Mr. Blinken acknowledged ultimately it will be up to a court of law to determine individual criminal responsibility. The U.S. will continue tracking reports of war crimes in Ukraine and share the information with allies, and international and multilateral institutions, he vowed.

Mr. Blinken’s statement referred to actions by “Russian forces,” which appears to contradict an earlier statement by President Biden personally branding Mr. Putin a war criminal.

When pressed about Mr. Putin, Beth Van Schaack, newly confirmed ambassador-at-large for the State Department’s Office of Global Criminal Justice told reporters, the evidence pointed to atrocities by Russian forces. It is for a court to determine Mr. Putin’s culpability because under international law, they are able to reach the top of the chain of command, she said. Her office leads the State Department’s efforts to collect, analyze, and document potential war crimes being committed in Ukraine.

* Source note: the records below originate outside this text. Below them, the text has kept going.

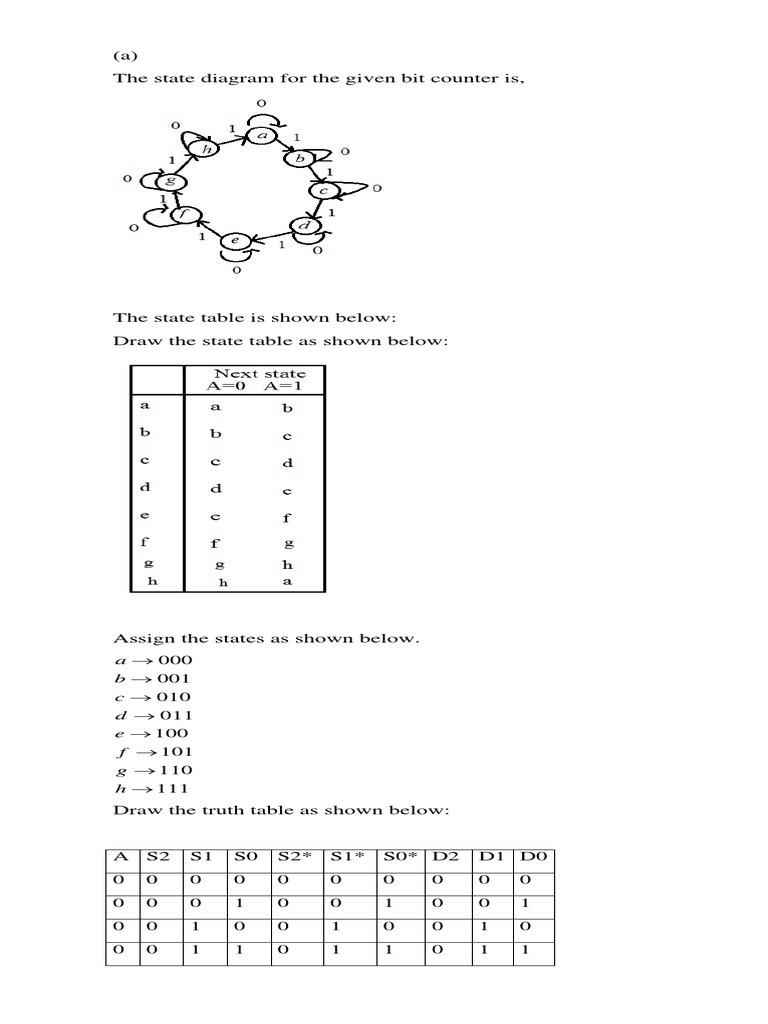 Bit Counter State Diagram Guide | PDF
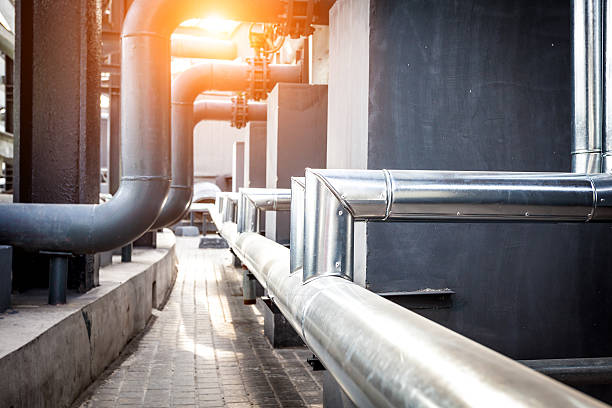 Water Supply Systems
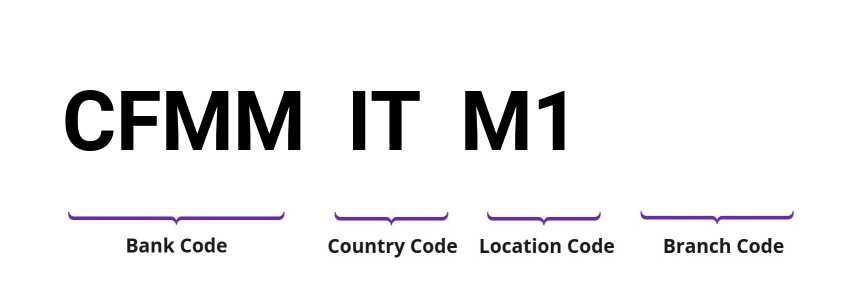 SWIFT / BIC CFMMITM1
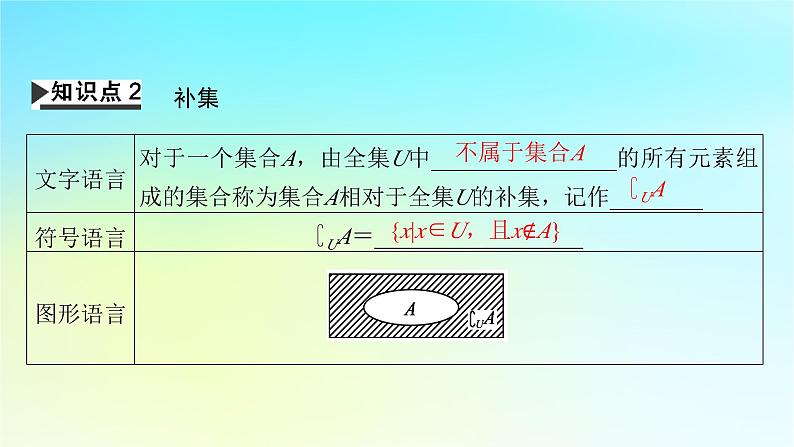 新教材2024版高中数学第一章集合与常用逻辑用语1.3集合的基本运算第二课时补集及综合运算课件新人教A版必修第一册06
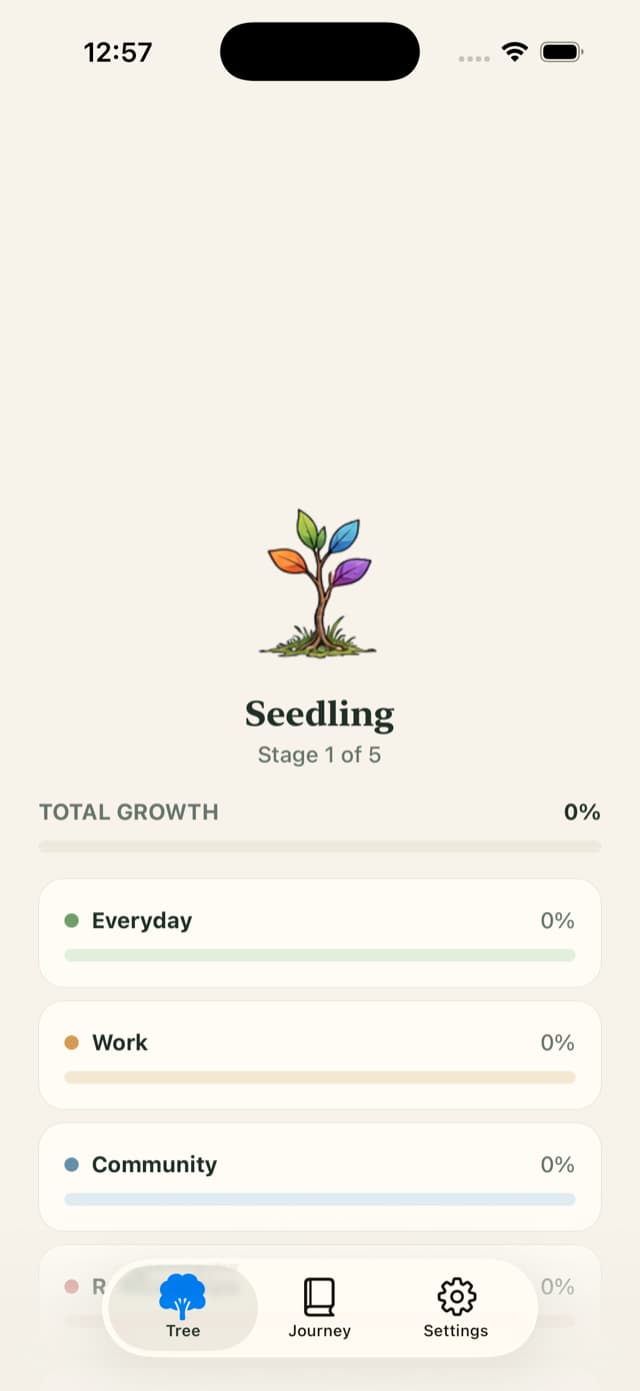 The GrowBold tree at stage 1, a small seedling
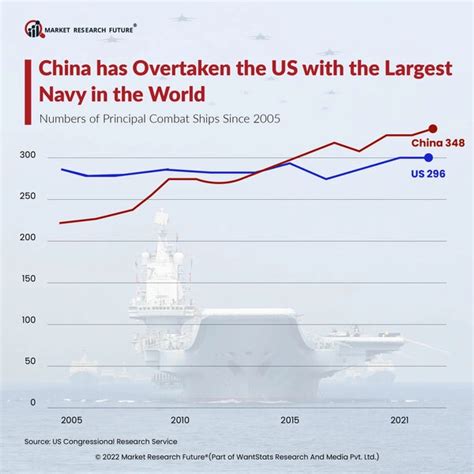 China And The United States Military Comparison In 2023 News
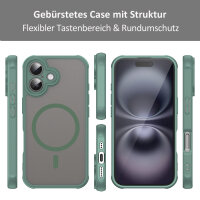 Handyhülle für Apple iPhone 16 – Matt Case Grün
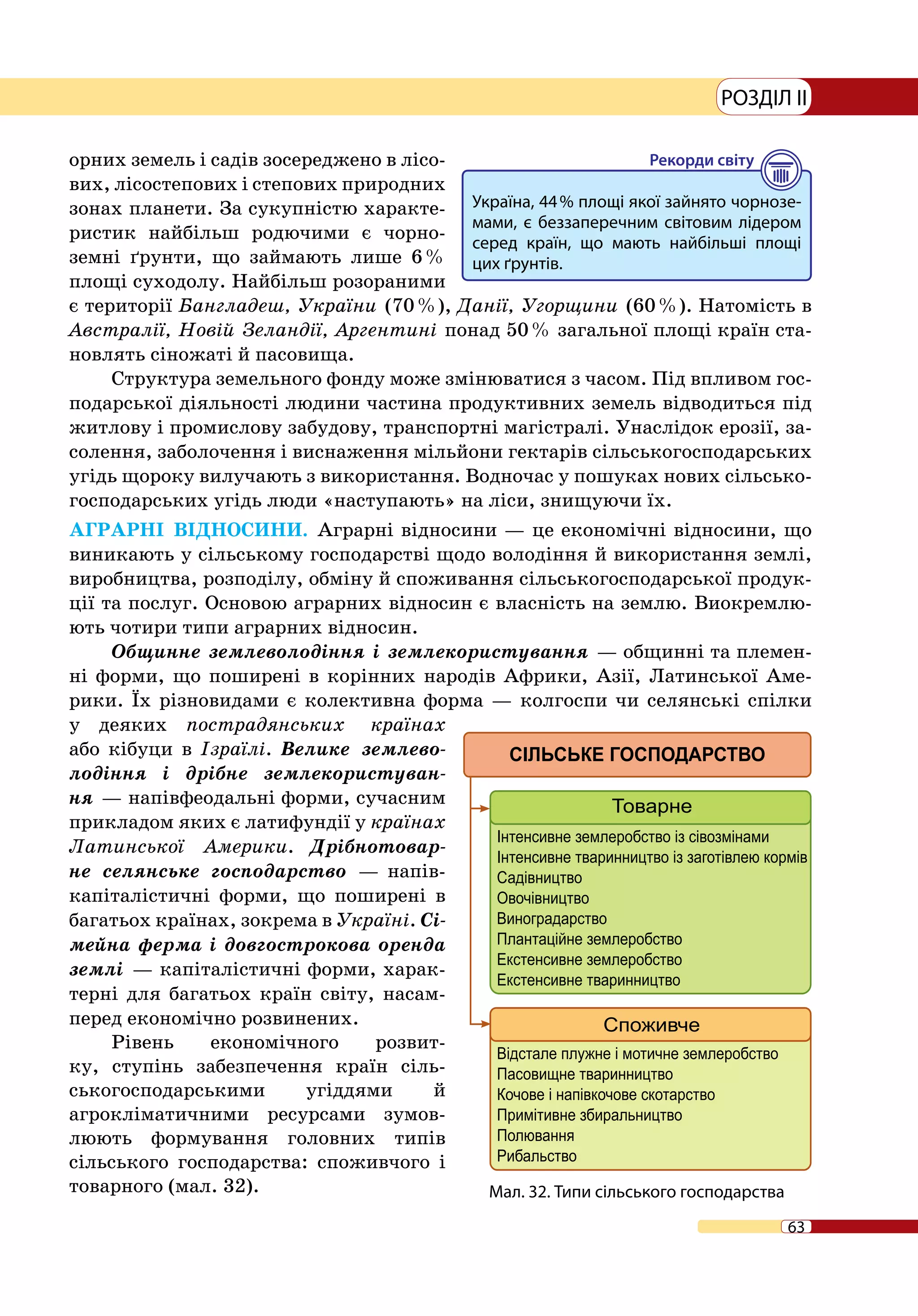 63
РОЗДІЛ II
орних земель і садів зосереджено в лісо-
вих, лісостепових і степових природних
зонах планети. За сукупністю характе-
ристик найбільш родючими є чорно-
земні ґрунти, що займають лише 6 %
площі суходолу. Найбільш розораними
є території Бангладеш, України (70 %), Данії, Угорщини (60 %). Натомість в
Австралії, Новій Зеландії, Аргентині понад 50 % загальної площі країн ста-
новлять сіножаті й пасовища.
Структура земельного фонду може змінюватися з часом. Під впливом гос-
подарської діяльності людини частина продуктивних земель відводиться під
житлову і промислову забудову, транспортні магістралі. Унаслідок ерозії, за-
солення, заболочення і виснаження мільйони гектарів сільськогосподарських
угідь щороку вилучають з використання. Водночас у пошуках нових сільсько-
господарських угідь люди «наступають» на ліси, знищуючи їх.
АГРАРНІ ВІДНОСИНИ. Аграрні відносини — це економічні відносини, що
виникають у сільському господарстві щодо володіння й використання землі,
виробництва, розподілу, обміну й споживання сільськогосподарської продук-
ції та послуг. Основою аграрних відносин є власність на землю. Виокремлю-
ють чотири типи аграрних відносин.
Общинне землеволодіння і землекористування — общинні та племен-
ні форми, що поширені в корінних народів Африки, Азії, Латинської Аме-
рики. Їх різновидами є колективна форма — колгоспи чи селянські спілки
у деяких пострадянських країнах
або кібуци в Ізраїлі. Велике землево-
лодіння і дрібне землекористуван-
ня — напівфеодальні форми, сучасним
прикладом яких є латифундії у країнах
Латинської Америки. Дрібнотовар-
не селянське господарство — напів-
капіталістичні форми, що поширені в
багатьох країнах, зокрема в Україні. Сі-
мейна ферма і довгострокова оренда
землі — капіталістичні форми, харак-
терні для багатьох країн світу, насам-
перед економічно розвинених.
Рівень економічного розвит-
ку, ступінь забезпечення країн сіль-
ськогосподарськими угіддями й
агрокліматичними ресурсами зумов-
люють формування головних типів
сільського господарства: споживчого і
товарного (мал. 32). Мал. 32. Типи сільського господарства
Україна, 44 % площі якої зайнято чорнозе-
мами, є беззаперечним світовим лідером
серед країн, що мають найбільші площі
цих ґрунтів.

While the Western leaders met in Brussels, Karim Khan, the chief prosecutor at the International Criminal Court (ICC)—different from the UN’s highest court—met at the Hague with a British-led group of prosecutors and justice ministers from 38 countries on Ukraine.




Mr. Khan began a formal inquiry into war crimes and crimes against humanity several days after the war started in late February. The investigation will also include possible atrocities on both sides and events going back to Russia’s annexation of Crimea from eastern Ukraine in 2014.

Neither Russia, Ukraine, nor the U.S. are members of the ICC and not under its jurisdiction, which poses a difficulty in addressing responsibility for war crimes in Ukraine. America has had rocky relations with the ICC and has blocked efforts by the court to investigate alleged U.S. war crimes related to its Afghanistan war.